Quite the nicest present I've had this Christmas was a cup of tea in bed that my eldest made for me. I can't remember the last time someone bought me a cup of tea in bed, such a simple but lovely treat, full of heart. Tomorrow will be New Years Eve and in 2024 a whole chunk of my past life will have gone, many of the people in it, and the home where I nurtured my family since my husband to be and I, moved there in 2001 shortly before our marriage. The home where I saw my girls grow and flourish, entertained friends and ... so much of all that life, the memories, the love, the laughter have all withered away. My husband has decided that the woman he met on the internet and whom has been calling him, her 'boyfriend' since Christmas Eve 2022, is the one he wants to move forward with because he understood we were over. And beside she's sweet and I'm terrifying (apparently). People are complicated aren't they? There are only victims and survivors when a marriage collapses. Whilst I am grateful that the holding pattern of 2023 is now over, I grieve all those memories, all those wasted years, as I realise what an utter failure I have been. I can't pin point the wrong turn, was it getting married in the first place? Did I miss something? But as this year, this life and this marriage steam-rollers to a close, and I face the spite, and those taking pleasure in my pain, I can't see a fixed point where I failed to do what mothers do 'keep it all together'. Perhaps there were too many. It's really hard to love yourself, without tangible proof that you are loveable.
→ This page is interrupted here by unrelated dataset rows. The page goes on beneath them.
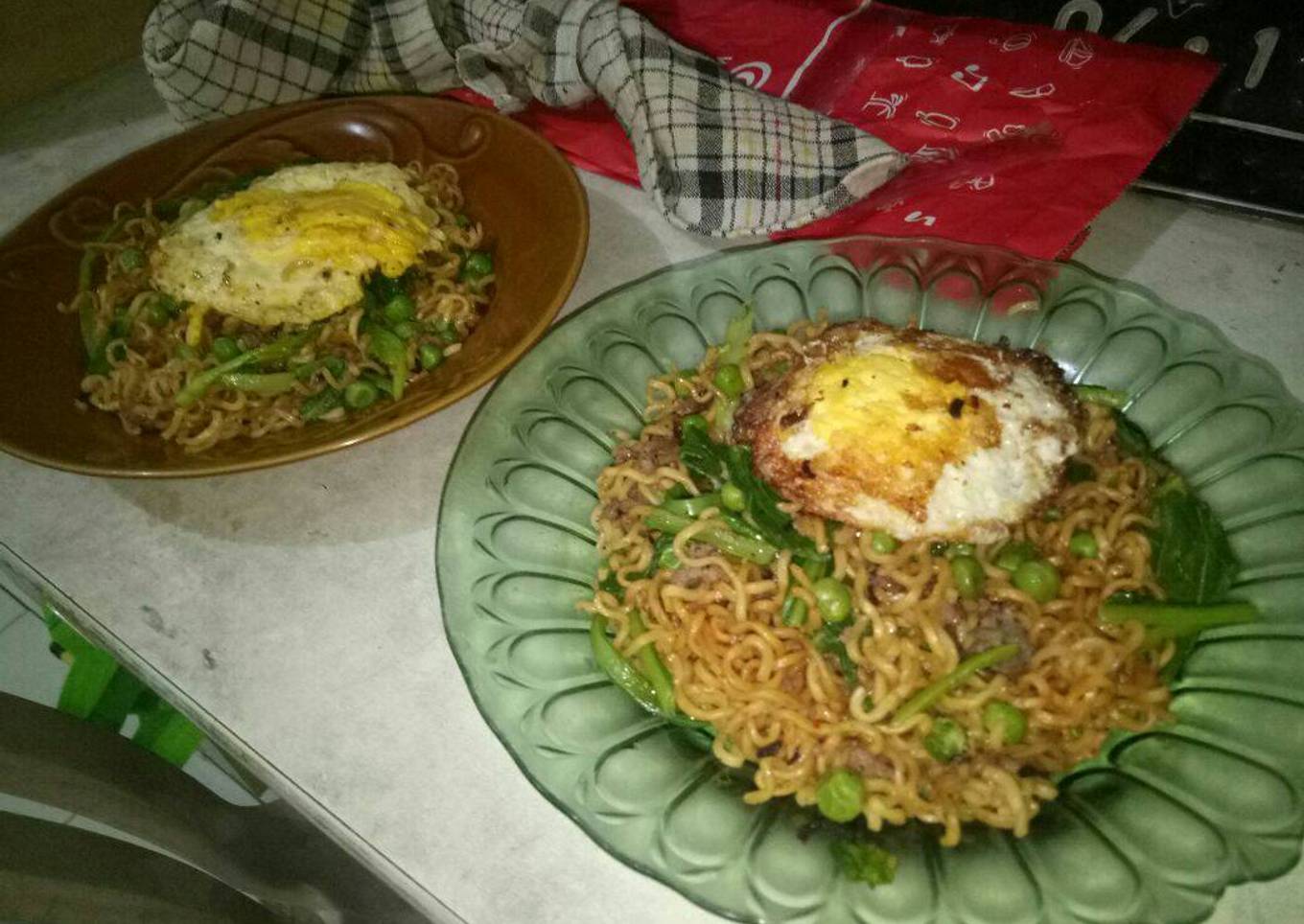 Mie goreng indomie rebus soto menjerit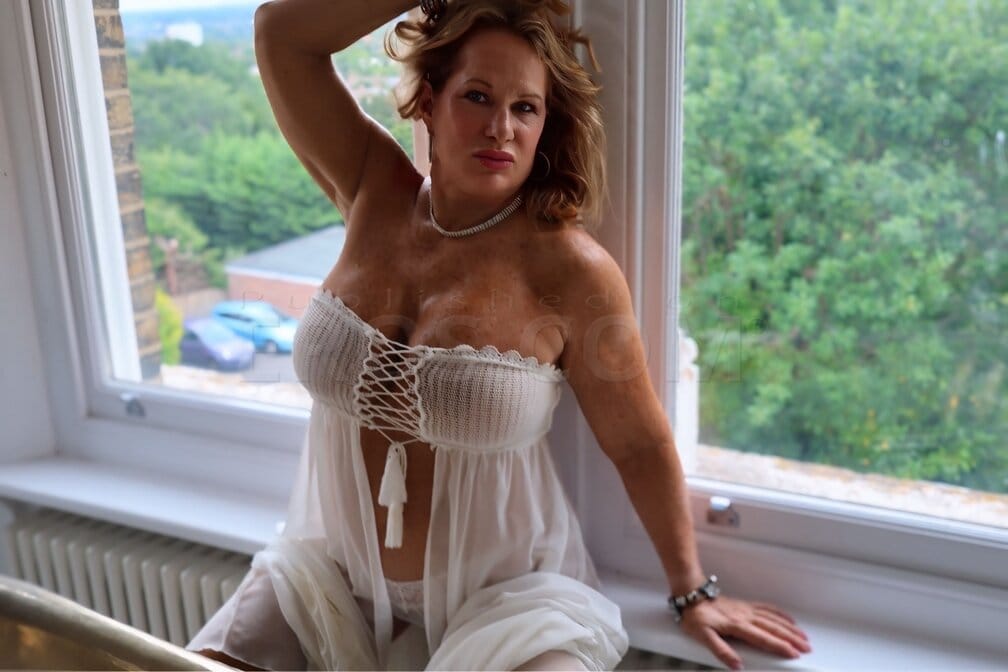 Lana Lee — photo 5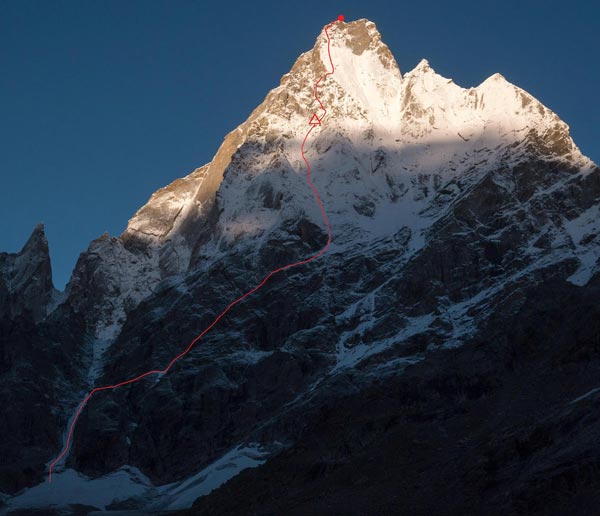 Nueva ruta japonesa al Cerro Kishtwar Nueva ruta japonesa al Cerro Kishtwar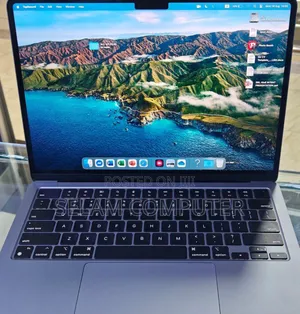 New Laptop Apple MacBook Air 2022 M2 8GB Apple M2 SSD 512GB
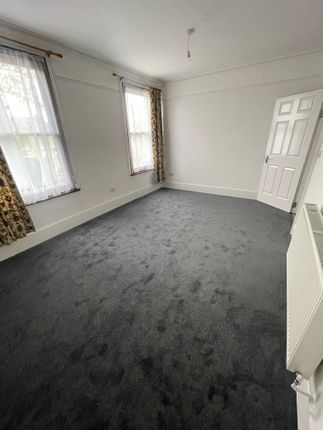 Flat to rent in Claremont Road, London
I'm just embarking on a book by Philippa Perry entitled THE BOOK YOU WANT EVERYONE YOU LOVE* TO READ *(and maybe a few you don’t). In it Philippa, a psychotherapist (artist and agony aunt), identifies areas where people most need guidance and tools to help them through life. The first chapter is entitled 'How We Love" and why we crave connection... I seem to be losing all mine, unable to find people outside of my working life who make me feel good, and whom have the time to spend it with me. Perry says "Everyone needs to feel that they belong, maybe to a family, a project, a community, or to another person. We are creatures of connection and we deny this at our peril". Then there's 'How We Change" navigating the New for Better or Worse. I'm probably going to have to read this a fair few times and make good notes-to-self. In recent years I've lost a raft of constants and floated on a lake of uncertaintanties. My girls have grown up and are busy forming their own lives, both my parents have gone, my marriage has inexorably failed, my finances are unstable, my future - a sea-mist. That's a lot to deal with in order to manage the final chapter 'Contentment'. I strive for that, a 'metaphorical' cup of tea in bed, a contentment in life, it's a low ambition to match my low self-esteem but it's something at least.
It's pretty late in my life to be negotiating such a big and unnatural ending, and if I'm honest I can't find the heart or the enthusiasm to think about beginnings. I'm still processing that one of the biggest life-changing commitments I have ever made has crashed and burned, and how destructive that has been. I've made mistakes before, I've endured life events that took strength to pick myself up from but this one has somehow eaten away at me from the inside and if there's a spark of light left in me to rekindle my spirit, I can't find it. I shall have to be content with that emptiness, continue to read books that may or may not have the answer and remain calm in front of the coming storm. 2025 will be here soon enough, and if I'm there with it having survived, I can only hope that there's the promise of a cup of tea in bed and perhaps a home, cosy, welcoming, with a view from the windows, someone to take my hand, hug my shoulders and walk across a sandy bay, leaving footprints behind as sea birds wheel overhead and waves run in and out with happy excitement. (I write that with some irony, that line of 'faux positivity' becomes not just nauseating but also exhausting). A wise soul recently shared some wisdom on dealing with overwhelm, 'just nibble at the edges' they said. Sound advice, I shall nibble at the edges like a biscuit and hope I get to dunk it someday in a cup of tea that has been bought to me in bed.